- Exercise instructions: Return exactly the lines below, starting with the one that has "Supreme Gonz Heads Short - Colorway" and going on through the one that has "Abstract Canvas Art #AB959".
==== Exercise input ====
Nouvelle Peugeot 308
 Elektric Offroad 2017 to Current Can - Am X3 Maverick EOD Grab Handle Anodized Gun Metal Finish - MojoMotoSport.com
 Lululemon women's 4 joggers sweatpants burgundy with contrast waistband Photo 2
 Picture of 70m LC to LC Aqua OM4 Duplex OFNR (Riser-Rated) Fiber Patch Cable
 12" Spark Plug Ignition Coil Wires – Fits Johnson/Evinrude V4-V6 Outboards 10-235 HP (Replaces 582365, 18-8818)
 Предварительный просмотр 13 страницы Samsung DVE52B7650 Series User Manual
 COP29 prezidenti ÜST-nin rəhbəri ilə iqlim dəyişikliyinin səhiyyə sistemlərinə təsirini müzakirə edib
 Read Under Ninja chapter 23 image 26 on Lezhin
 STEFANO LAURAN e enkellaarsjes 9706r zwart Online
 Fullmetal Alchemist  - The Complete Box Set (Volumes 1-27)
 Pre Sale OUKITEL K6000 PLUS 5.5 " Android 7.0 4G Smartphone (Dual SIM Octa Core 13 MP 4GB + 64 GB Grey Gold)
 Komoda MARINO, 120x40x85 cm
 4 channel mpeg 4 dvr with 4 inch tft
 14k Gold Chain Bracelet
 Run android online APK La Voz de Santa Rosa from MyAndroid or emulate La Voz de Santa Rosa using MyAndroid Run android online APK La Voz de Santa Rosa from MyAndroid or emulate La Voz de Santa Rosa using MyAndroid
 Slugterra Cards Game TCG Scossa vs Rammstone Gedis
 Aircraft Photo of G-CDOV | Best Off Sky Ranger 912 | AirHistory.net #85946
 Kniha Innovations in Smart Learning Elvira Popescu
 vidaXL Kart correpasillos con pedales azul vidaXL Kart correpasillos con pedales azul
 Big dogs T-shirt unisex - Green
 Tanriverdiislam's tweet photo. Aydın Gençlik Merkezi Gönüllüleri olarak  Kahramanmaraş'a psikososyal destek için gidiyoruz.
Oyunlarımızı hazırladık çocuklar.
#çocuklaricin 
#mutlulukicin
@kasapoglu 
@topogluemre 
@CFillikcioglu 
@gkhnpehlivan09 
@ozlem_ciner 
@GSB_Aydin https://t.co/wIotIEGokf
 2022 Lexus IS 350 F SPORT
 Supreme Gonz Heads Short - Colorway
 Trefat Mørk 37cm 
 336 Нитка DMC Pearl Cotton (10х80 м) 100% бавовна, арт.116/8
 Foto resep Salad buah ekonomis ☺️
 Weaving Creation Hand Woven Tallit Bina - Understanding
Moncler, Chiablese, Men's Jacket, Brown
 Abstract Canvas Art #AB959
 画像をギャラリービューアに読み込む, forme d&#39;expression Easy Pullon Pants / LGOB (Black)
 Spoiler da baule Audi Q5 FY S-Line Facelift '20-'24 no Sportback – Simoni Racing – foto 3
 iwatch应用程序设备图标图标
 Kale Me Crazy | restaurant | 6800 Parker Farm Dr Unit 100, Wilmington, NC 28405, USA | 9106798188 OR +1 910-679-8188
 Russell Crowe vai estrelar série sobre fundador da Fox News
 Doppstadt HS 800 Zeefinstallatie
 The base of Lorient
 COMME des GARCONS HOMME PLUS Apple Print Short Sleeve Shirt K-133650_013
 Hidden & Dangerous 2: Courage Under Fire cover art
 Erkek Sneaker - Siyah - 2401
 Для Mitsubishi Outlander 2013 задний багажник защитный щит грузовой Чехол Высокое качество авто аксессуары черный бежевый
====
- Output for this exercise:
 Supreme Gonz Heads Short - Colorway
 Trefat Mørk 37cm 
 336 Нитка DMC Pearl Cotton (10х80 м) 100% бавовна, арт.116/8
 Foto resep Salad buah ekonomis ☺️
 Weaving Creation Hand Woven Tallit Bina - Understanding
Moncler, Chiablese, Men's Jacket, Brown
 Abstract Canvas Art #AB959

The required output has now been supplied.